In other words, the investigation isn't necessarily about sex, but whether Abdul did anything to influence the results. Clark said in ABC's Primetime report that she helped him with song selection and wardrobe choices. Did that help him get into the final 12 before he was booted for his uncovered arrest record? That's going to be hard to prove.
Meanwhile, Fox is moving ahead as if everything with Abdul is fine. She even has a role on the network's new summer show, So You Think You Can Dance. Liguori noted that Abdul will be on hand for the next American Idol auditions when they start on Aug. 14 in San Francisco, even if the investigation isn't completed by that time (although he said it's "winding down").
"We'll come to you when a conclusion is reached," Liguori said.
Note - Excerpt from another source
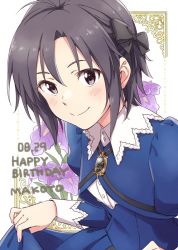 Rule 34 | 1girl, antenna hair, bad id, bad twitter id, black bow, black eyes, black hair, blue dress, bow, brooch, character name, commentary, curtsey, dated, demirinz, dress, floral background, flower, hair bow, happy birthday, idolmaster, idolmaster (classic), jewelry, kikuchi makoto, long sleeves, looking at viewer, puffy sleeves, short hair, smile, solo, upper body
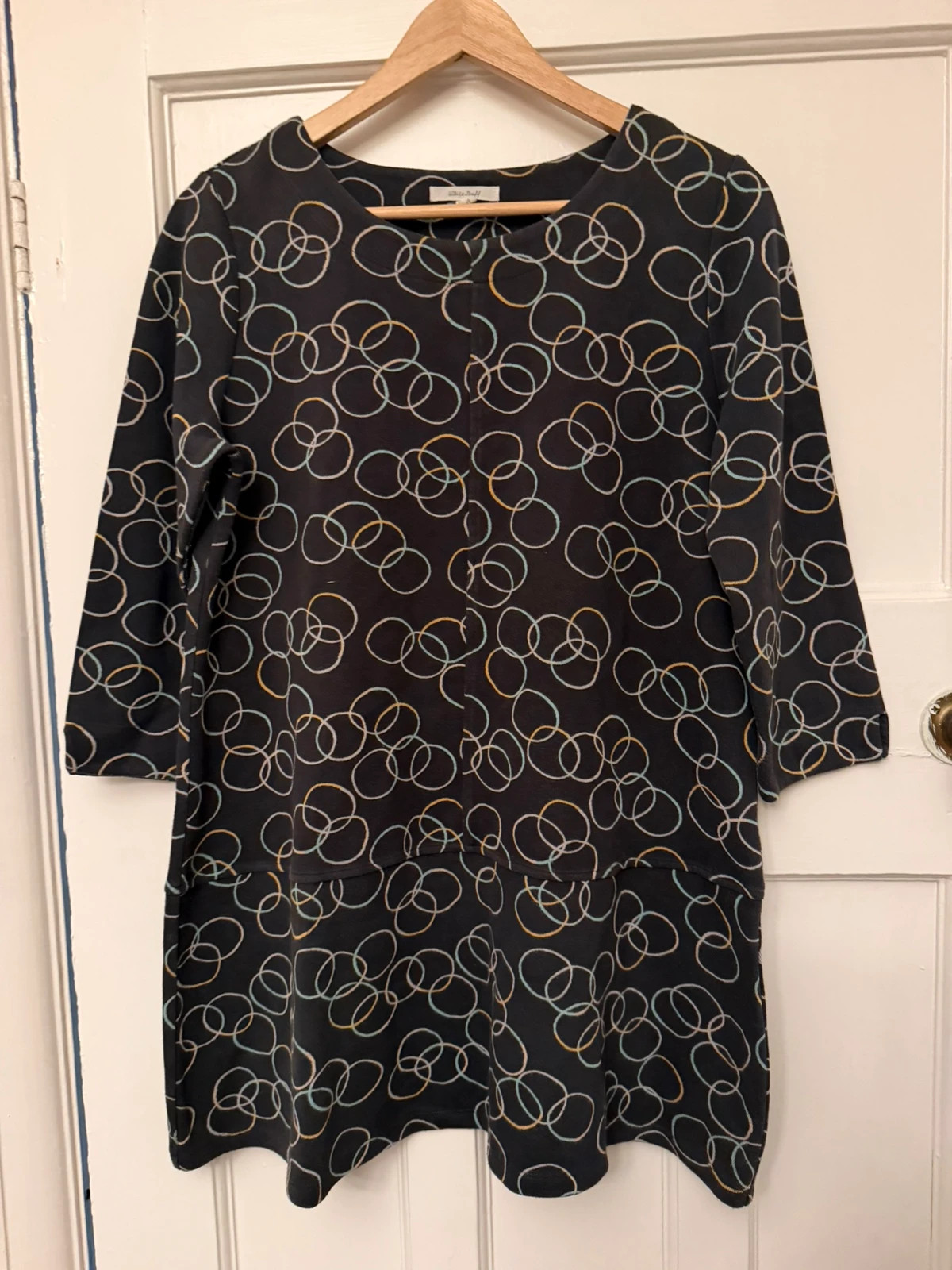 White Stuff Black Circle Print Tunic Dress – UK 14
And we'll be there.
Is Drama Selling Out?
During ABC's press tour, writer-producer David E. Kelley complained about how commercials have been cutting into hourlong dramas' program content. Back when he was writing for NBC's L.A. Law in the '80s, an hour drama was delivered at 48 minutes. His current ABC show, Boston Legal, runs 41 minutes.
"It's a terrible trend," Kelley told reporters. If it continues, he said he'd have to consider making shows for cable instead. We're presuming he meant a premium channel such as HBO, because basic cable typically has more commercials than the broadcast networks.
Perhaps Kelley should check with the other networks to see how long their dramas run. The Biz talked to two ABC competitors, and found their dramas run as long as 44 minutes. "That's short," said one who was told about Boston Legal. "That's two minutes less than our shortest show."
Boston Legal might have been getting snipped to make room for a few extra minutes of ABC's Desperate Housewives, which as dissatisfied VCR and TiVo users know, often ends a few minutes after 10 pm/ET.
Boston Legal moves to Tuesdays at 10 in the fall, following Commander-In-Chief, a new drama from ABC that stars Geena Davis as the first woman president. The network is banking on Chief's becoming one of its bigger hits this fall. Will Boston Legal have to make room for a few extra minutes of that show as well? Just asking.